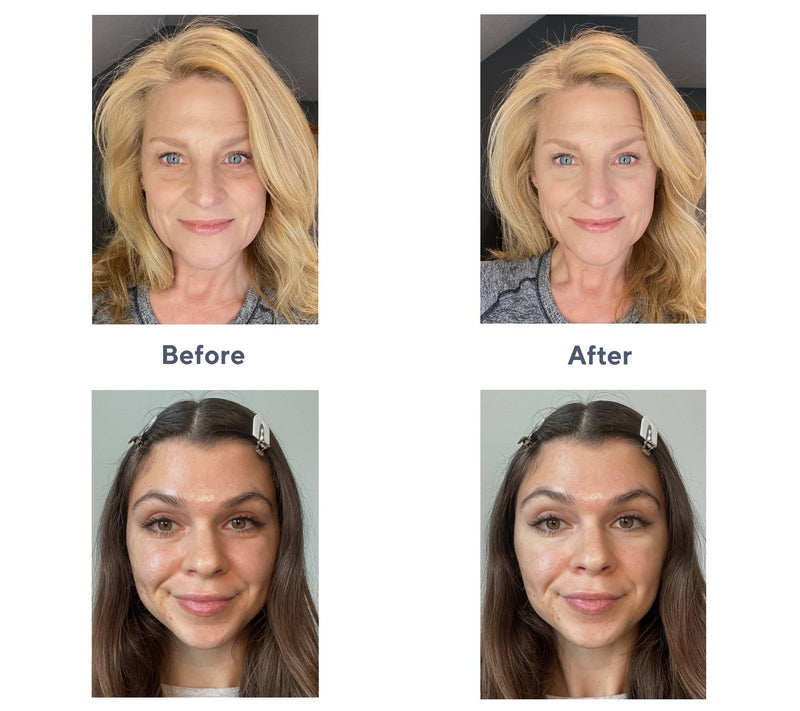 Doll 10 Doll Skin Genius Tinted Under Eye Treat ment — View 17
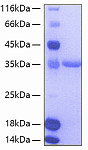 Recombinant Human TIE2/TEK/CD202b Protein (RP00048)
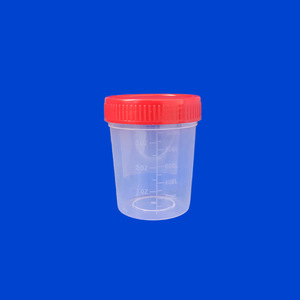 Gobelet à urine médical Wantong 120 ml en PP de qualité supérieure pour la collecte d'échantillons - Product Image 2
..........
Each line above should be written out again exactly, and no picture should appear in the copy.

Solution to this exercise →
 Doll 10 Doll Skin Genius Tinted Under Eye Treat ment — View 17
 Recombinant Human TIE2/TEK/CD202b Protein (RP00048)
 Gobelet à urine médical Wantong 120 ml en PP de qualité supérieure pour la collecte d'échantillons - Product Image 2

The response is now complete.